The acceleration of a particle on a horizontal xy plane

[kara]

The acceleration of a particle on a horizontal xy plane is given by a=3ti + 4tj, where a is in meters per second-squared and t is in sec. At t=0, the particle has the position vector r=(20.0m)i + (40.0m)j and the velocity vector
v=(5.00m/s)i +(2.00m/s)j. At t=4.00 s, what are its position vector in unit-vector notation and the angle between its direction of travel and the positive direction of the x axis?


I have no idea what to do at all https://www.physicsforums.com/images/smilies/surprised.gif

 

[neutrino]

Find the general equations for position and velocity by integration and use the initial conditions.

"the angle between its direction of travel and the positive direction of the x axis"

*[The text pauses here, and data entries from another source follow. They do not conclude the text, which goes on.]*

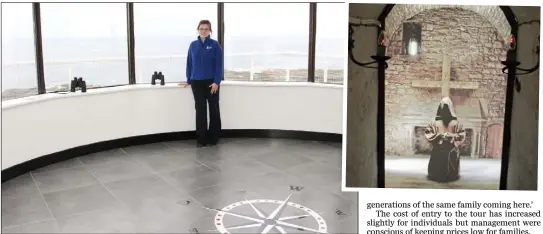  ??  ?? ABOVE: Hook Lighthouse guide Rachel Whelan in the watch tower; RIGHT: the monks’ chapel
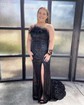 Sheath/Column Strapless Sparkly Sequin Prom Dresses With Feather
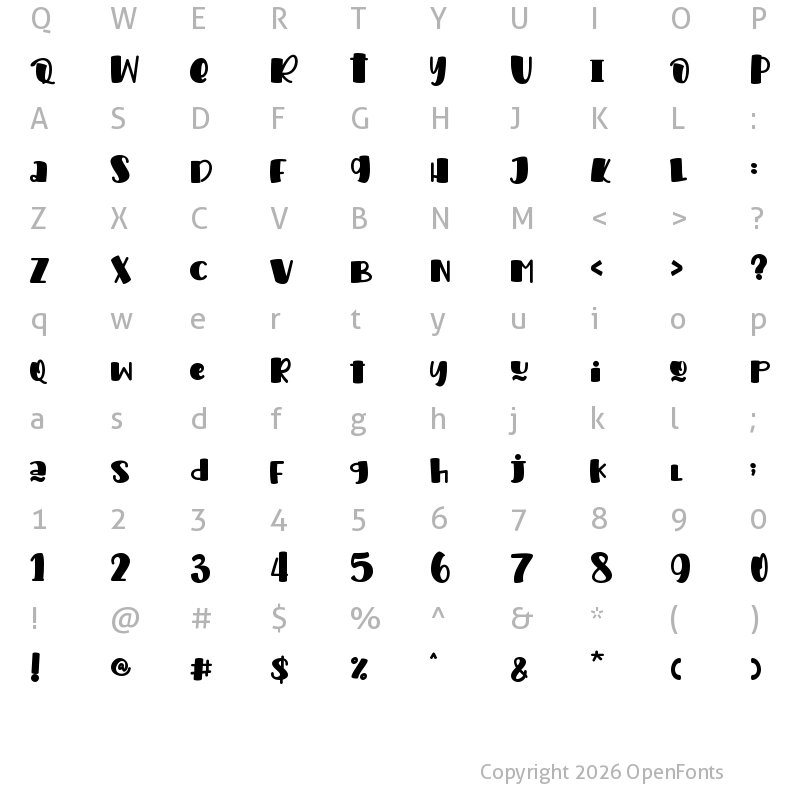 Character Map of Sweet Bear-PERSONAL USE Regular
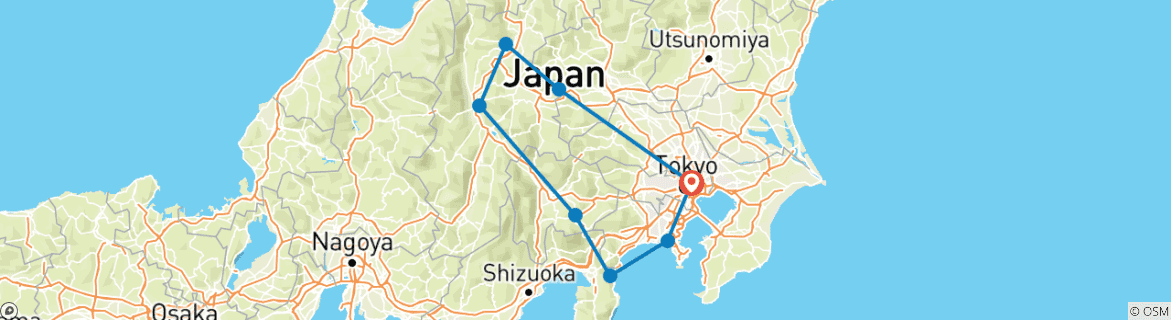 Image d'une carte montrant l'itinéraire du circuit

For that you can apply the dot product.

 

[kara]

so would i integrate a to find position and then velocity?

 

[neutrino]

You integrate acceleration to find velovity, and then integrate velocity (after plugging in the initial condition) to find position.

 

[kara]

alright so i got:

dx = 1.5t^2 + vcos0t + 20
dy = 2t^2 + vsin0t + 40

where the 0 is theta

 

[neutrino]

alright so i got:

dx = 1.5t^2 + vcos0t + 20
dy = 2t^2 + vsin0t + 40

where the 0 is theta

Bringing in new variables (such as theta) without any need will just make the answer more complicated.

Here's an example on how to go about the problem:

\frac{dv_x}{dt} = 3t

v_x = \frac{3}{2}t^2 + C (C is the constant of integration)

Now put in the initial condition, the value for v_x when t = 0 and find the value for C. Similaraly find v_y. The process is the same for finding position.

 

[radou]

You can be a bit more formal and use \vec{v}(t) = \int \vec{a}(t)dt + \vec{v}_{0}, i.e. \vec{r}(t) = \int \vec{v}(t)dt + \vec{r}_{0}, but basically that's the same thing Neutrino wrote.